Azure / durabletask

Durable Task Framework allows users to write long running persistent workflows in C# using the async/await capabilities.
Apache License 2.0
1.47k stars 287 forks source link

AzureStorage: purge corrupted queue messages. #1088

Open jviau opened 1 month ago

jviau commented 1 month ago

We should evaluate updating these two code locations to delete corrupted (fails deserialization) messages from the queue. It is not expected that deserialization failures is a transient issue and no amount of retries / time delay will fix these messages. Particularly because it is only framework types (and not user) being deserialized here.

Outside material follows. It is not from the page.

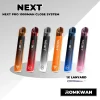 พอตบุหรี่ไฟฟ้า Next pro พอตแบบเปลี่ยนหัว ทรงยาว สวยงาม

Location 1: https://github.com/Azure/durabletask/blob/b4ec695dc5c51319b99c20557f9d47a1dd518729/src/DurableTask.AzureStorage/Messaging/ControlQueue.cs#L108-L110

Location 2:

https://github.com/Azure/durabletask/blob/b4ec695dc5c51319b99c20557f9d47a1dd518729/src/DurableTask.AzureStorage/Messaging/WorkItemQueue.cs#L47-L49

cgillum commented 1 month ago

The one caveat to this policy is that we've seen cases where changes to Newtonsoft.Json settings can cause unintended deserialization failures. This can happen as part of a rollout of a new version of an app, whether due to changes made by the user (though hopefully we've rooted all those possibilities out) or changes made by the DTFx maintainers. Either way, giving time for users to roll back the change, e.g. 24 hours, before permanently deleting their data, might be prudent.

jviau commented 1 month ago

Yeah will need some design. It could be an opt-in setting? Or a callback? User gets the exception and gets to return true/false for purge?

Either way, the framework needs to take action here as it is not something users can self-mitigate (they will be fighting with the workers to dequeue and delete the message!)